* [WORK TO COMPLETE]: Give again, word for word, the line holding "istock Angry woman" and every line after it through the end of the data below. Omit pictures.

* [SUPPLIED MATERIAL]:
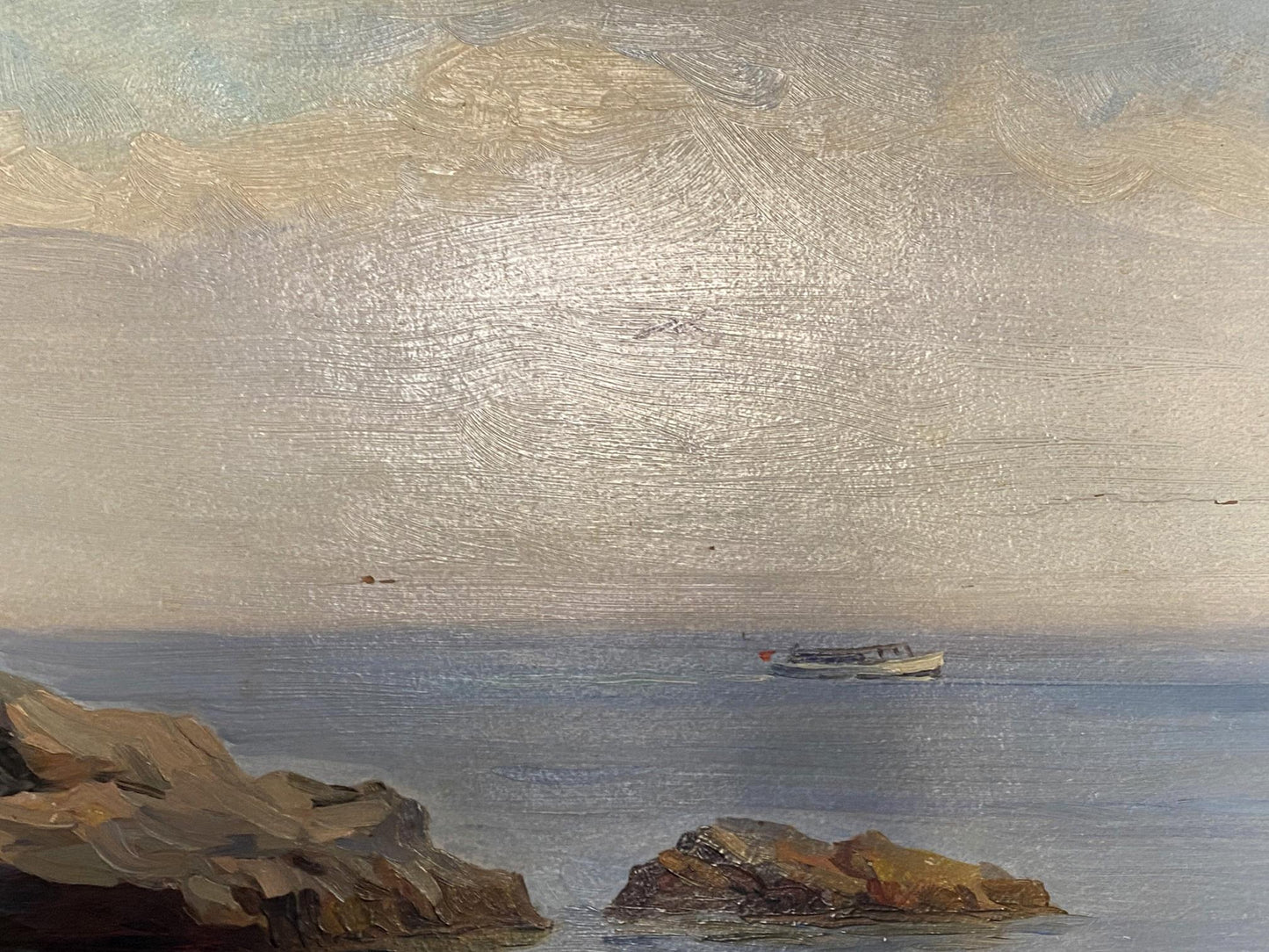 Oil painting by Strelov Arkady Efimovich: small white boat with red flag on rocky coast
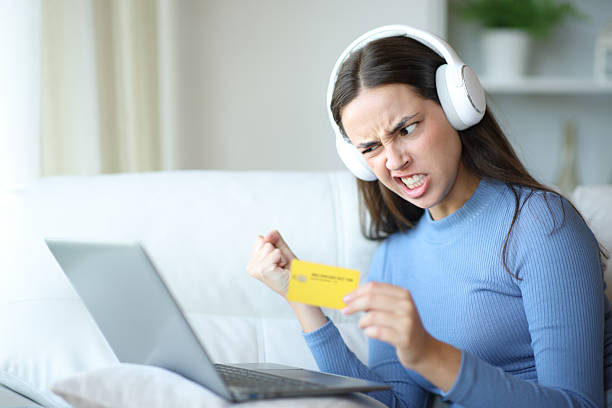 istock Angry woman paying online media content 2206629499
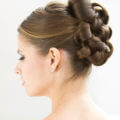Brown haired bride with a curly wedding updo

* [SOLUTION FOR THIS TASK]:
 istock Angry woman paying online media content 2206629499
Brown haired bride with a curly wedding updo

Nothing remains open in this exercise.